The actor Mark Greenstreet screen-tested for the role of James Bond in The Living Daylights in 1986 when Roger Moore retired from the part after completing A View to a Kill (1985). He came very close to winning the role, but it ultimately went to Timothy Dalton. In 2006, I spoke to Mark about his brush with the world of 007.

Mark Greenstreet rose to prominence in the BBC TV series Bret Farrar. This English country-estate-set crime drama, broadcast in 1986, starred Mark in the title role of a man persuaded to pretend to be a long-lost son to help claim a family fortune, but is then implicated in the murder of the man he impersonates. The drama was a hit in the US, and Mark soon drew the attention of producer Cubby Broccoli. Some may have considered Mark, then 25 years old, to be a little young for Bond, but Mark saw the influence of the teen-orientated ‘Brat Pack’ films and its large fan-base in Broccoli’s interest.

After watching all the Bond films to prepare himself, Mark was interviewed at EON’s Mayfair office by Barbara Broccoli, Michael G Wilson, and associate producer Tom Pevsner. Then it was off to the costumer to be fitted with the regulation dinner suit, and to be supplied with the spy’s essential accessory – a gun holster.

The screen test took place at Pinewood in front of Cubby Broccoli, director John Glen, and the main film crew. For tests, Glen always recreated scenes from Dr No and From Russia With Love. As Bond, Mark shot the duplicitous Professor Dent and seduced Tatiana Romanova (played by Fiona Fullerton) in a steamy bedroom scene. He also had to do some fighting and order breakfast. If only for a day, Mark was James Bond. Time enough, though for a surreal meeting in the toilets with Michael Biehn, who was at Pinewood filming Aliens and also in character.

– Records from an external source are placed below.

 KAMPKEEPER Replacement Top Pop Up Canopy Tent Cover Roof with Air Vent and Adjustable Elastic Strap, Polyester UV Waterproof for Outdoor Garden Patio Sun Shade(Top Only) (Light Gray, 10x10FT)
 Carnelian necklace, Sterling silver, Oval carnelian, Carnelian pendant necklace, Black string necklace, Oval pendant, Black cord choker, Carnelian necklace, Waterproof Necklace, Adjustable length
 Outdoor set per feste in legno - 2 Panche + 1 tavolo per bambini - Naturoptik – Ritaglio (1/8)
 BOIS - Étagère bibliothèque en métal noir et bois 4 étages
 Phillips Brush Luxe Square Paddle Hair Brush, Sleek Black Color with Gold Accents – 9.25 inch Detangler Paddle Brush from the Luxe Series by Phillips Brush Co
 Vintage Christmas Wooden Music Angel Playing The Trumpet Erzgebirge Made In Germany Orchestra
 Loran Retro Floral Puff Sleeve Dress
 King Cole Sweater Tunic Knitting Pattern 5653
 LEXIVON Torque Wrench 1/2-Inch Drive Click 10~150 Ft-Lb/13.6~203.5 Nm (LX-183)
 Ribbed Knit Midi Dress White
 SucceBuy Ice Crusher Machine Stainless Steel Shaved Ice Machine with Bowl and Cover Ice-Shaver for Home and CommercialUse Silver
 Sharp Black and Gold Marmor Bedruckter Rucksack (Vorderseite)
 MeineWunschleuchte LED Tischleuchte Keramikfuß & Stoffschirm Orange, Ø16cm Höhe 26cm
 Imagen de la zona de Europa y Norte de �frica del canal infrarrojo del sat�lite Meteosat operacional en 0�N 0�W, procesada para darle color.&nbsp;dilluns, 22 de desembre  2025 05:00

The test went well, and Mark had a lovely time, but there his involvement with Bond ended. A case, perhaps of so close, and yet so Farrar. But if he had won the part, what would Mark Greenstreet’s Bond have been like? Mark thought that the later films were missing a hard edge. ‘When Connery slapped a woman, you felt like she wanted it’, he told me. Chances are, then, that Mark’s portrayal would have been closer to Sean Connery than Roger Moore. The actor who did become Bond, Timothy Dalton, took a similar approach, and his performance in The Living Daylights (1987) was lauded. It seems that after the Moore years, a relatively serious portrayal was inevitable as a trend to return to the roots of Fleming’s James Bond began to hold sway.